Each node: value (or key-value pair), pointer to the left subtree, pointer to the right subtree.

Operations

Find(x): Start from the root, do

  • If x<cur, Find(x.left)
  • If x>cur, Find(x.right)
  • If x==cur, return cur. (If reach the leaf but not equal, return Not Found)

Find the minimal value: Always go left. The leftmost leaf.

Find the maximal value: Always go right, The rightmost leaf.

Find the successor of value \(x\):

  • If \(x\) has the right subtree, find the minimal value in the right subtree.
  • If \(x\) doesn't have the right subtree, go up and find the first ancestor on the right.

Insert a value \(x\): Similar to the find operation.

Problem of Binary Search Tree

All these operation calls for \(O(\text{height of the tree})\). In the worst cases the height is \(n\), i.e., the binary search tree becomes a linked list.

Can we insert/delete the element s.t. the height of the tree is always \(O(\log n)\)? Yes

Balanced Binary Search Tree

For example Red-black Tree.

  1. It is a binary search tree, nodes are either black or red.
  2. The root is black.
  3. Leaves are black and nil.
  4. Red nodes have \(2\) black childs.
  5. For every node \(v\), all path from \(v\) to leaves have the same number of black nodes.

Definition

The height of node \(v\): The maximum distance from \(v\) to a leaf.

Black height of node \(v\): The maximum number of back node on the path from \(v\) to the leaf. (Not count itself)

Proposition: \(\text{height}(v)\leq2\cdot BH(v)\).

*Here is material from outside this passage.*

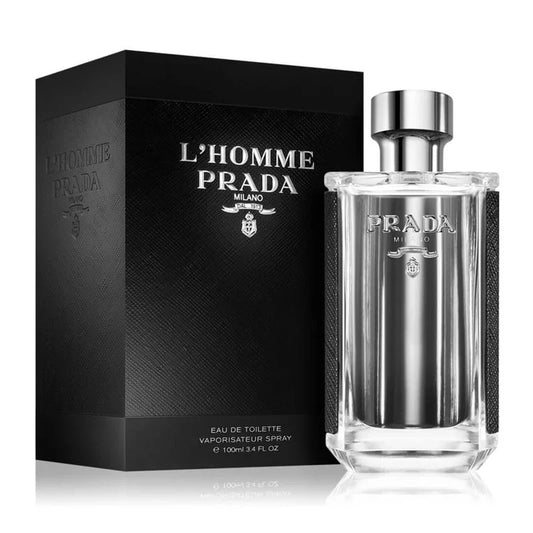 Prada L´Homme  EDT 100ml - Caballero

Lower bound for the number of descendants (not count leafs) of a node as a function of its black height:

  • \(1+\) size of left subtree \(v\) + size of right subtree of \(v\geq 2^{BH(v)}-1\).

Proof by induction, we get the height of the tree is \(O(\log n)\).

Operations

Find in red-black tree: \(O(\log n)\)

Insert: \(O(\log n)\) We need to keep all properties satisfied

  1. Do a normal binary search tree insert, set the new node red.
  2. Rotate and recolor. This step takes \(O(1)\) time.

Delete: Similar to insert, but consider more cases. \(O(\log n)\).

Summary

Red-black tree implements dictionary. Find, insert, delete, find minimal, find maximal, find successor all takes \(O(\log n)\) time

Red-black Tree VS. Hash Table

  1. Do the benchmark.
  2. If we need to find minimal/maximal/successor, use red-black tree.
  3. If the whole dictionary is a key: use red-black tree.
  4. Real-time request? red-black tree.

Otherwise, use hash table.

Other Balanced Tree

AVL tree, B-tree...